#### TASK MATERIAL
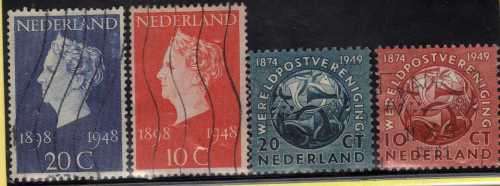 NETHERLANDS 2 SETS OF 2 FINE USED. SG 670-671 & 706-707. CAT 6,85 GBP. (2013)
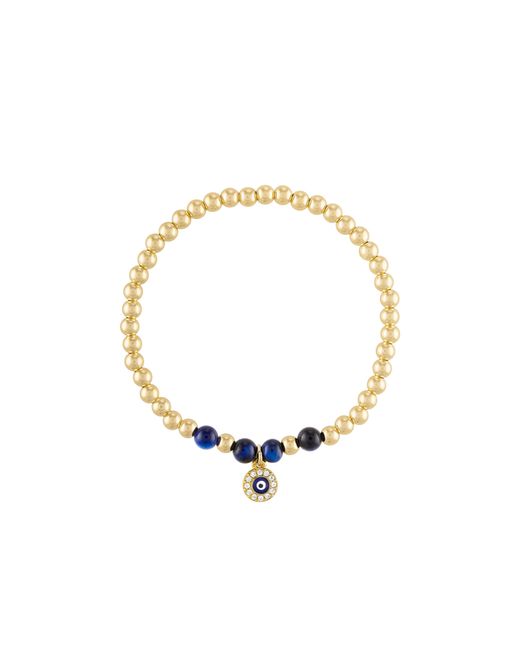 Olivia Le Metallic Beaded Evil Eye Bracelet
########
#### TASK MATERIAL
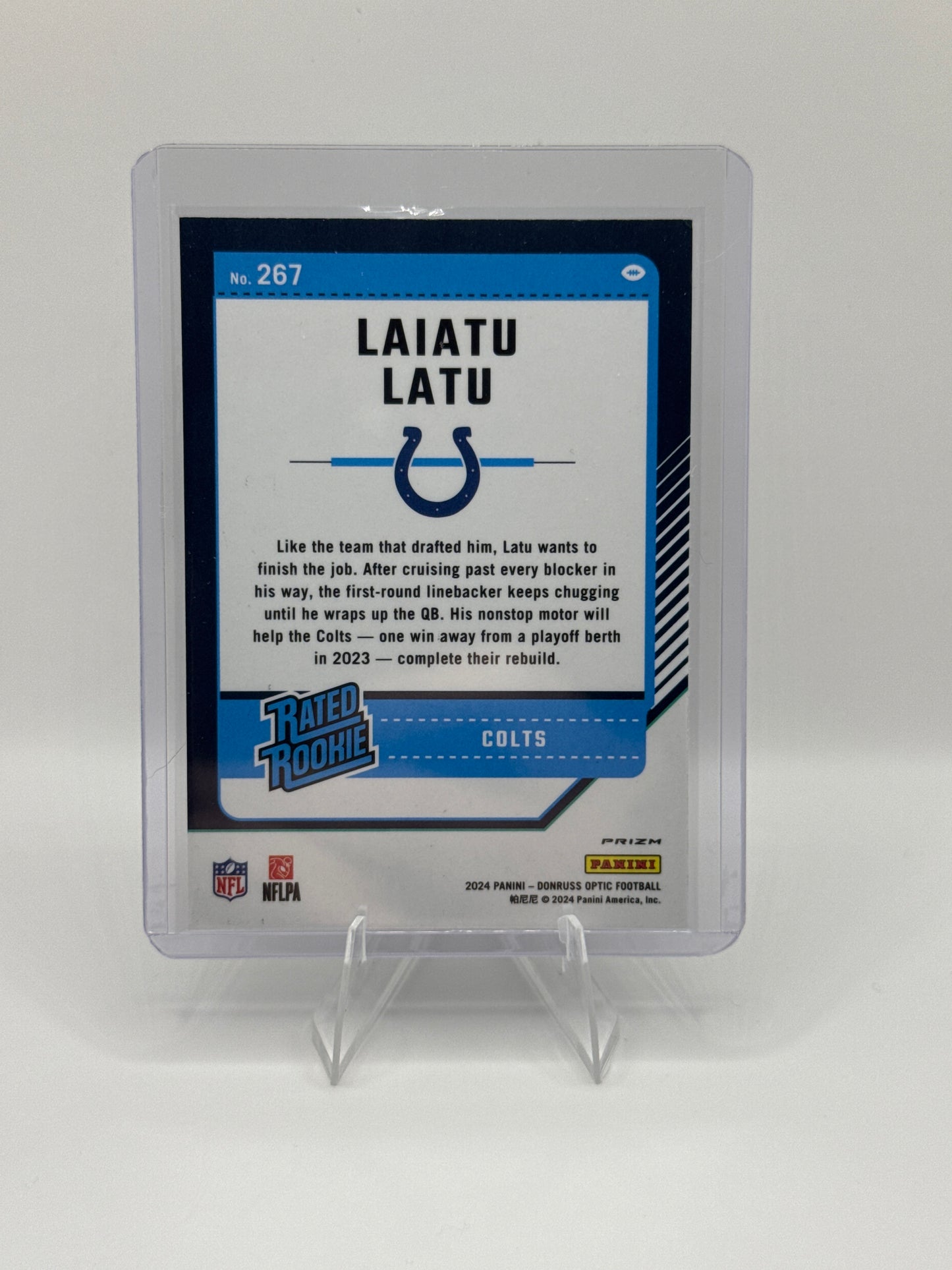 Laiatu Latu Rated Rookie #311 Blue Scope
########
*EXERCISE AIM*:
Transcribe the lines above exactly, beginning at the one with "NETHERLANDS 2 SETS" and ending at the one with "Olivia Le Metallic Beaded Evil Eye Bracelet". Include both; exclude the pictures.

*SOLVED EXERCISE*:
 NETHERLANDS 2 SETS OF 2 FINE USED. SG 670-671 & 706-707. CAT 6,85 GBP. (2013)
 Olivia Le Metallic Beaded Evil Eye Bracelet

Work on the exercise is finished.